Ankara veut donc passer à la vitesse supérieure sur le plan économique. Mais aussi et surtout, les perspectives se sont élargies à d’autres volets politiques et militaires. La Kigali Arena au Rwanda, une mosquée au Ghana, une base militaire en Somalie, un projet de chemin de fer entre l’Ethiopie et Djibouti: autant de chantiers emblématiques menés par des entreprises turques sur le continent et qui prouvent les différentes ambitions turques. D’ailleurs, une importante délégation de la Savunma Sanayii Baskanligi, l’agence qui pilote l’industrie militaire turque, était présente dans cette tournée.

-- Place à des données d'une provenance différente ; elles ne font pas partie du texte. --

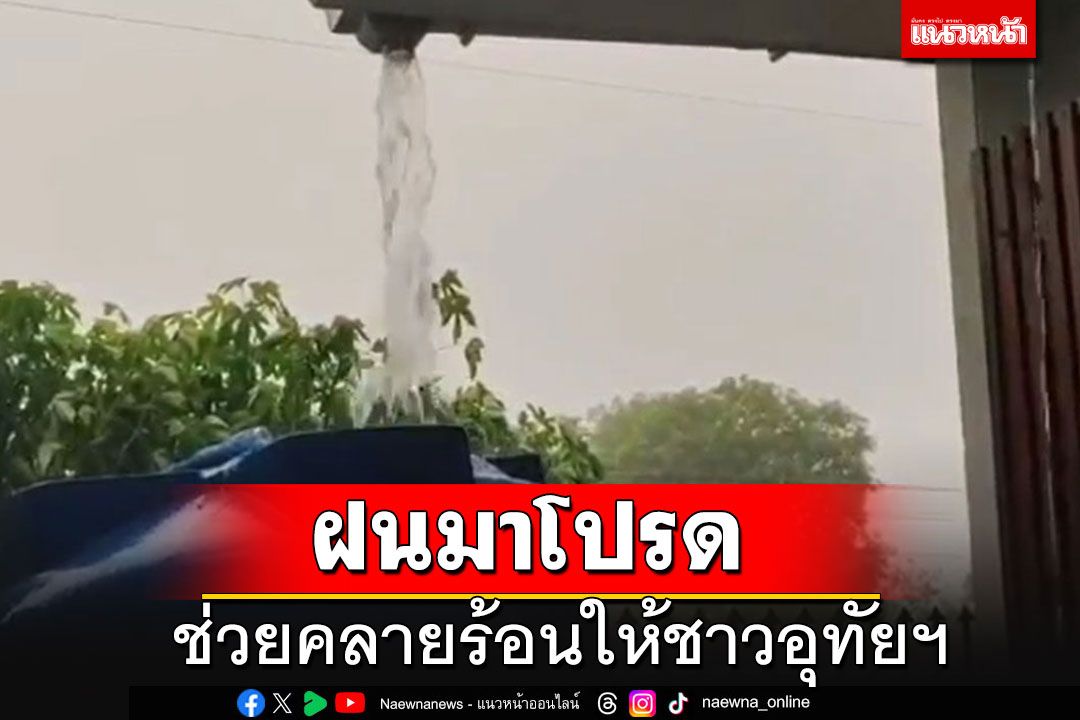 ฝนมาโปรด!! ช่วยคลายร้อนชาวอุทัยฯ รีบรองน้ำเอาไว้ใช้หน้าแล้ง แต่บางบ้านหลังคาปลิว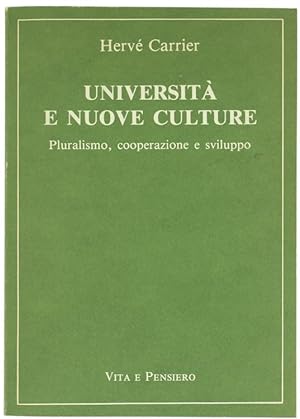 UNIVERSITA' E NUOVE CULTURE. Pluralismo, cooperazione e sviluppo.: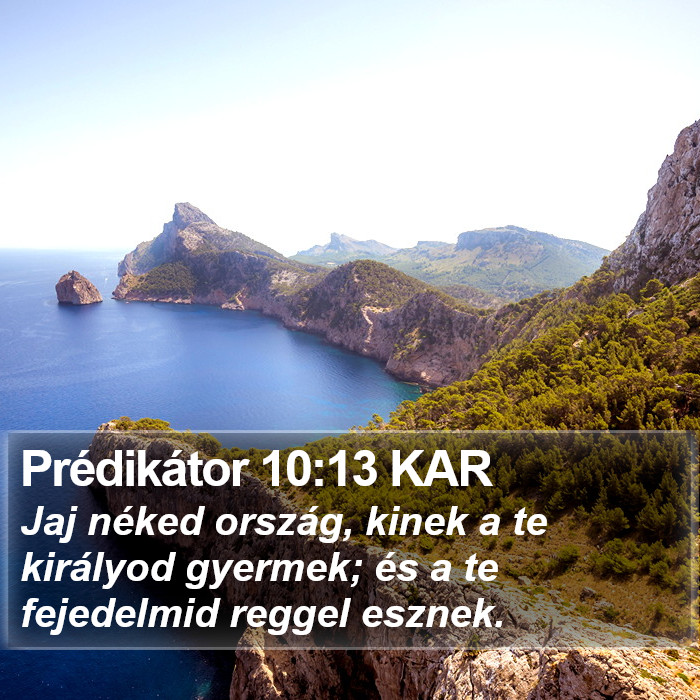 Prédikátor 10:13 KAR Bible Study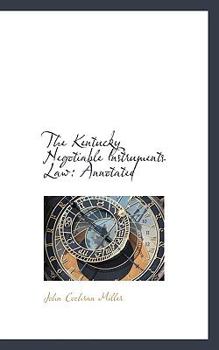 Paperback The Kentucky Negotiable Instruments Law: Annotated Book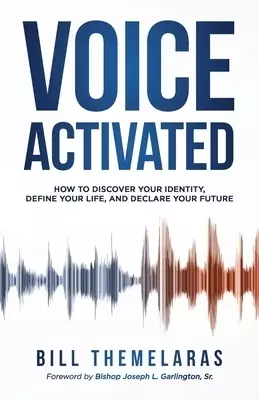 Voice-Activated: How to Discover Your Identity, Define Your Life, and Declare Your Future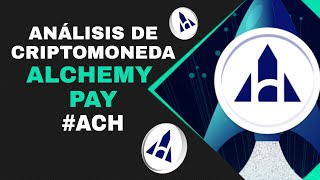 ¡TODO lo QUE TIENES que SABER de ALCHEMY PAY ACH ¿Qué es ¿Vale la pena [upl. by Annia]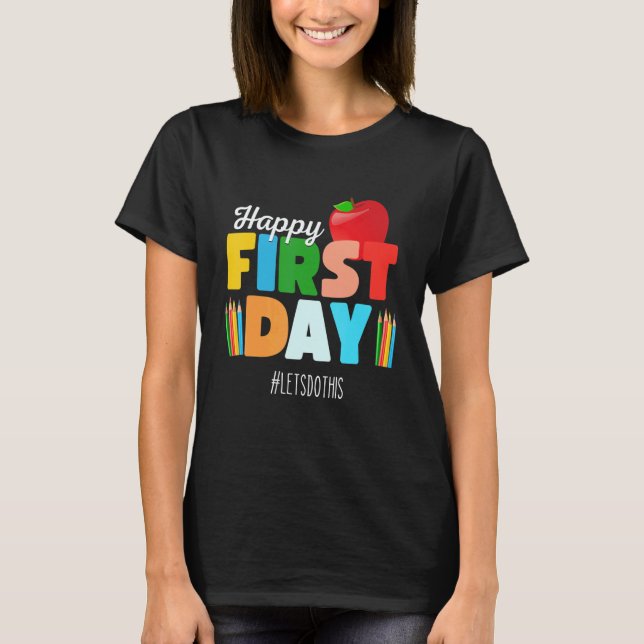 Welcome Back To School Rainbow   Happy First Day S T Shirt (Framsida)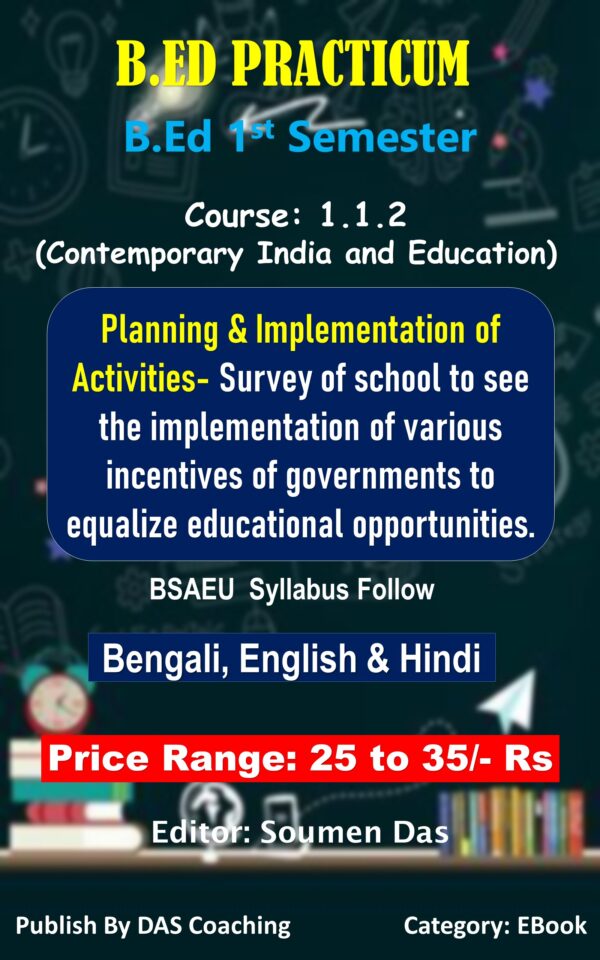 Planning and Implementation of Activities – School Survey on Government Incentives | Bengali Practicum PDF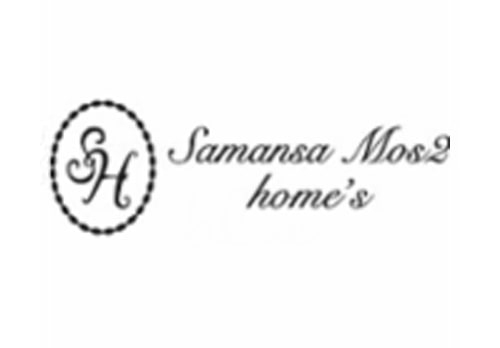 Samansa Mos2 home's サマンサモスモス ホームズ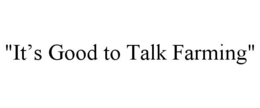 "IT'S GOOD TO TALK FARMING" trademark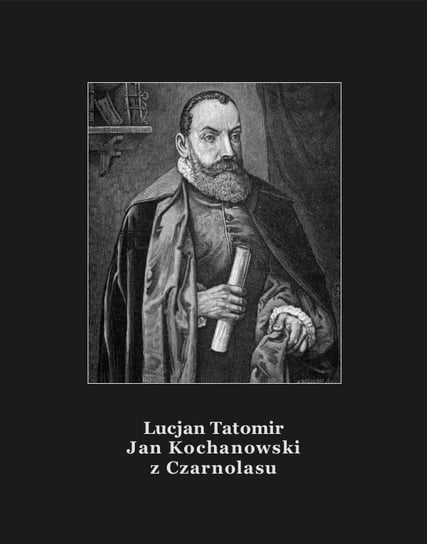 Jan Kochanowski z Czarnolasu Tatomir Lucjan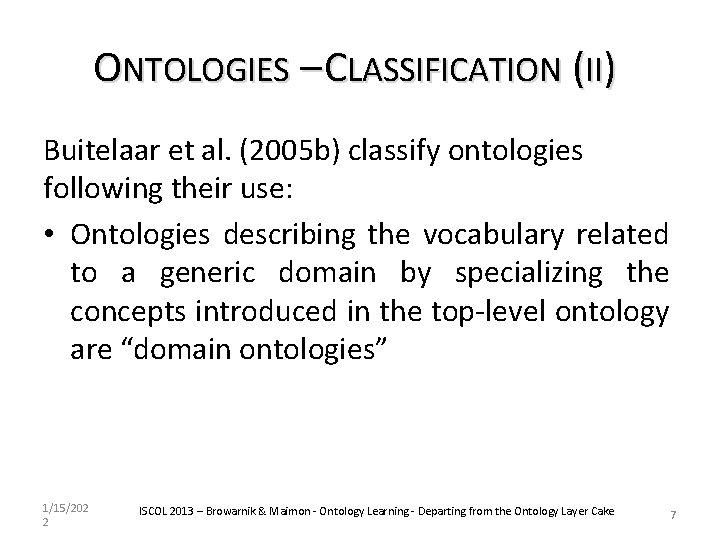 ONTOLOGIES – CLASSIFICATION (II) Buitelaar et al. (2005 b) classify ontologies following their use:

Or, la Turquie n’est pas le seul pays à faire les yeux doux à l’Afrique. Elle a des concurrents puissants comme la Chine, la France, la Russie et Israël. Aussi, « conquérir » le continent n’est pas si facile pour Ankara. Selon Béchir Abdel-Fattah, spécialiste de la Turquie au Centre des Etudes Politiques et Stratégiques (CEPS) d’Al-Ahram, il existe plusieurs défis. « Avec le recul de son économie, la Turquie ne pourra pas facilement rivaliser avec d’autres pays plus puissants comme la France et la Russie », souligne Béchir, expliquant que le cas est le même, que ce soit dans le domaine de l’investissement ou dans le domaine militaire
10 ambassadeurs occidentaux « persona non grata »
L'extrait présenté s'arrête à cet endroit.